Similarly, HSBC unveiled a gross exposure of $14.567 billion in the second quarter and a net exposure of $2.837 billion.
Among a small number of dealers revising their gross figures upward, Citi put its total at $27.9 billion in the second quarter, from a first-quarter figure of $23.89 billion.
BNP Paribas reported gross exposures amounting to €2.7 billion in the first quarter and has now revised this upward to €16.32 billion. Its exposures were mostly to bond insurers Ambac, CIFG and MBIA, according to RBS-compiled data, and it benefited from $600 million in related hedges.
Société Générale’s gross exposure also rose in the second quarter, from €7.3 billion to €23.5 billion, although the bank claimed it held exposure mostly to higher-rated monolines, such as Ambac and MBIA.
Meanwhile, Fortis raised its gross figure from €2.8 billion in the first quarter to €3.9 billion in its second-quarter figures. This included €1.8 billion of investment-grade underlying risk and €1 billion of CDOs of ABSs, according to data collected by RBS.
At least some of the more significant gross numbers are a result of greater disclosure around negative basis trades, Jenkins and his colleagues believe. Negative basis trades usually involve buying highly rated assets and concurrently purchasing CDS protection on them. In this way, the strategy profits from the ‘negative basis’ between synthetic and cash assets.
From dealers’ second-quarter filings, discrepancies are still evident in the way banks report monoline counterparty exposures. Unlike some other banks, for example, Jenkins noted Barclays reported its exposures as banking loan risk in the second quarter. “Barclays is one of the banks that has elected to carry most of its monoline risk on the banking loan book.

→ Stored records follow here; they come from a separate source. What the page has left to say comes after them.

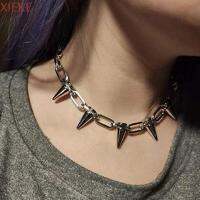 XIEKE โลหะผสม ของขวัญสำหรับผู้หญิงผู้ชาย ฮิปฮอป Rivets Chokers กอธิค ฮาราจูกุ สร้อยคอ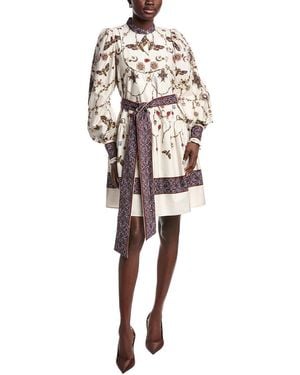 Marchesa Printed Mini Shirtdress - White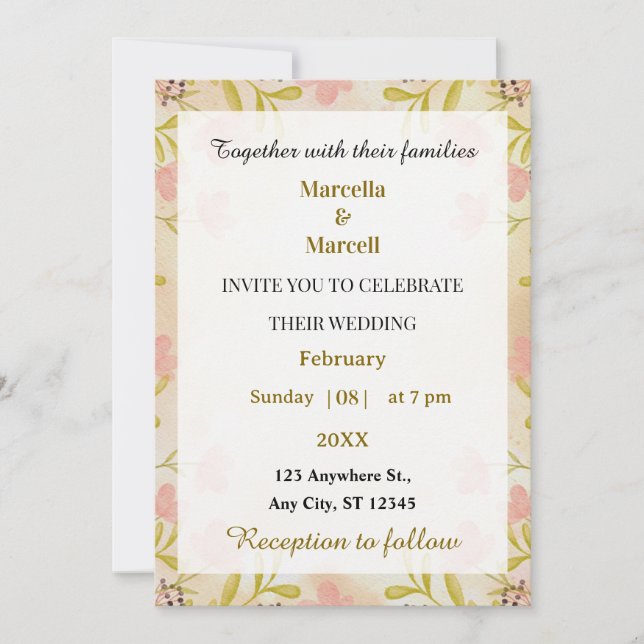 Convites Soft Pastel Watercolor Floral Frame (Frente)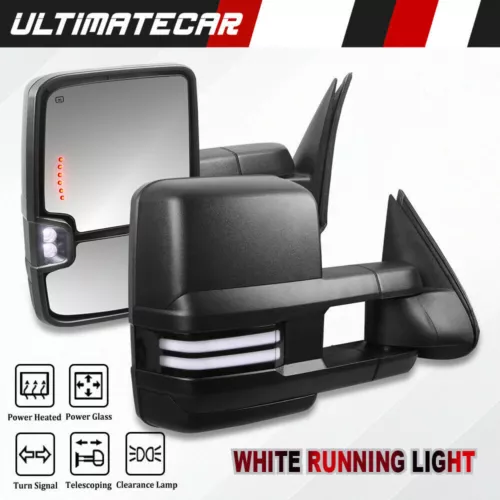 Power Heated Tow Mirrors Dynamic Signal For 2007-2014 Chevy Silverado GMC Sierra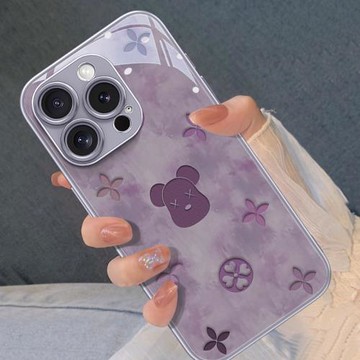 油畫暴力熊適用蘋果16手機殼iphone16promax新款16pro設計感15時尚14可愛15promax卡通13潮流12個性女保護套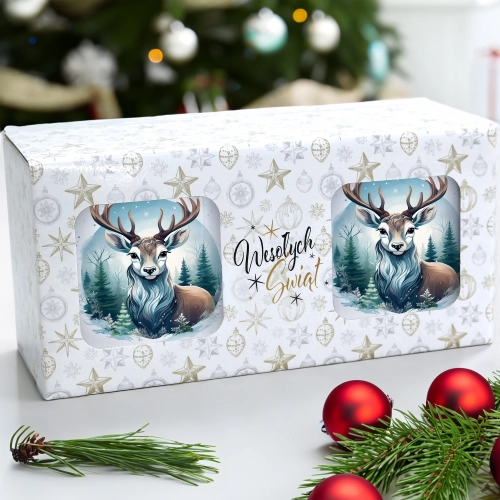 ŚWIĄTECZNY KOMPLET KUBKÓW 330ml NA PREZENT MIKOŁAJ ZESTAW ŚWIĘTA MIKOŁAJ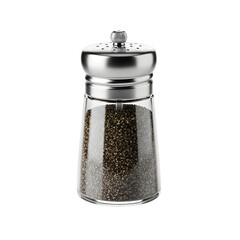 Glass pepper shaker with silver lid, isolated on white or transparent background, PNG Format.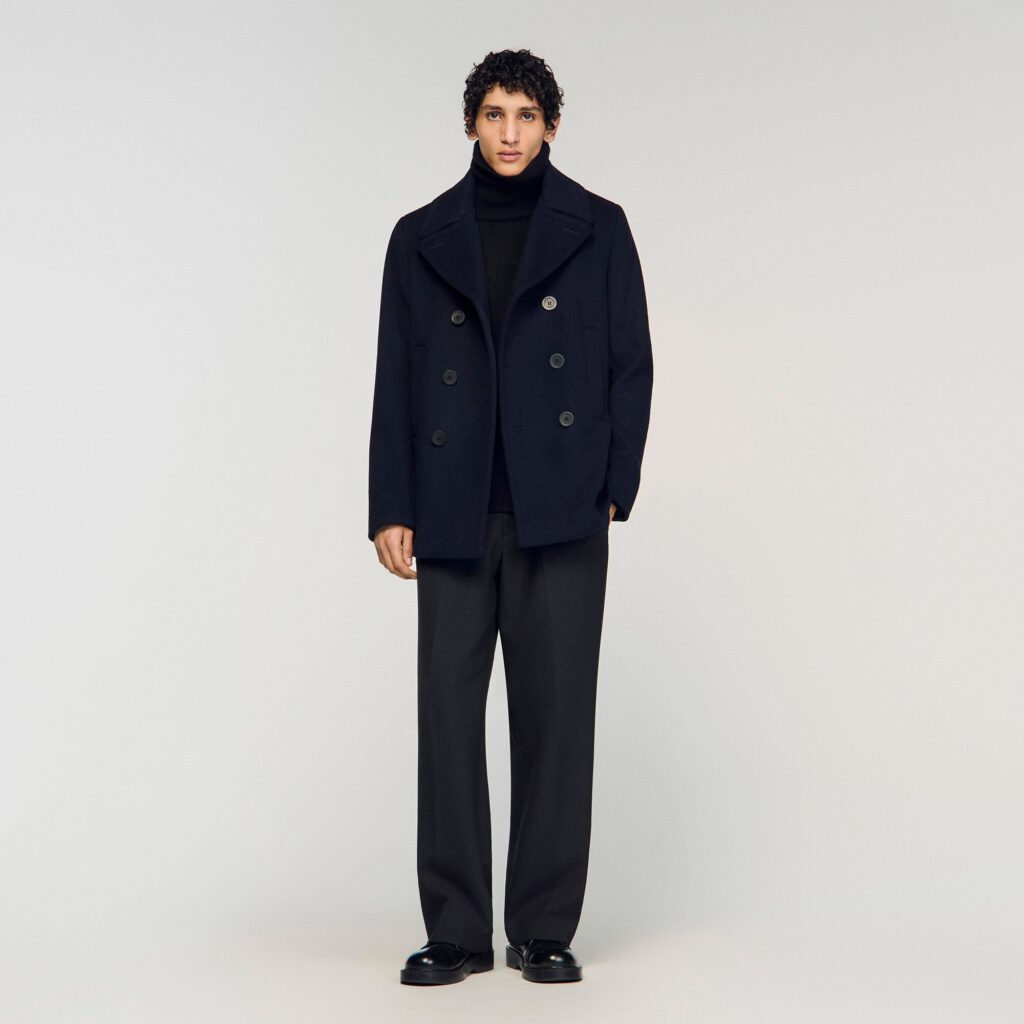 Manteau droit en laine mélangée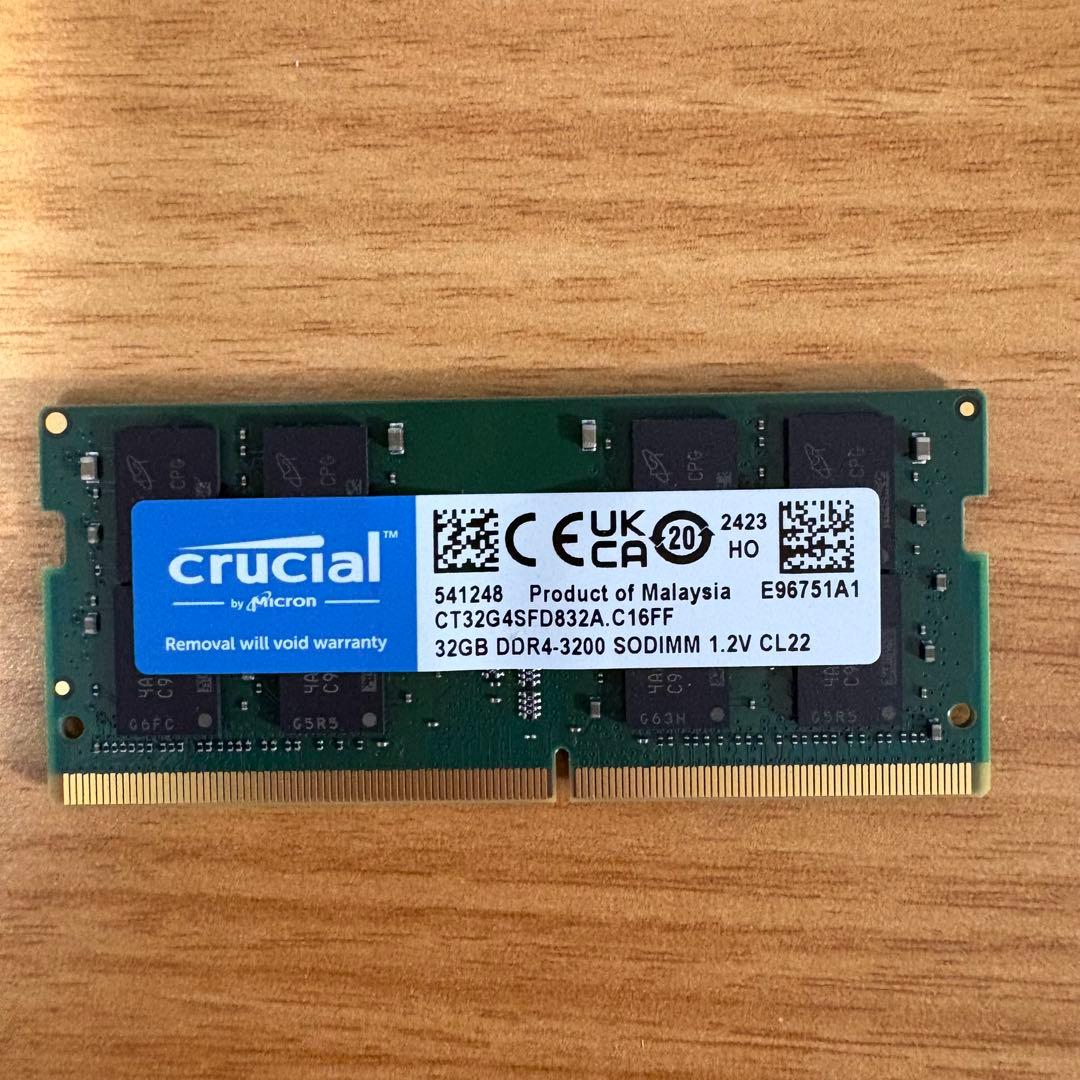 Crucial 32GBノート用メモリ DDR4 1枚 動作確認済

So it’s only going to register an impairment if there’s actually a loss recorded,” he observed.
The size of haircuts levelled for monoline counterparty risk remains varied across dealers. Adam Richmond, New York-based credit strategist at Morgan Stanley, said that, while US banks were marking gains from monolines at an average of 46 cents on the dollar, European institutions were marking them at 69 cents on the dollar. “You do see a bit of divergence between the US and Europe,” he said, adding Morgan Stanley’s “base case” was 55 cents on the dollar.
Nonetheless, differences in the marks taken against monoline-facing trades could be justified, argued Jenkins of RBS. “There are six major monolines and each one has its own credit quality or claims-paying ability. There’s more validity in having a range of marks on your monoline exposure than there would be on structured credit generally.”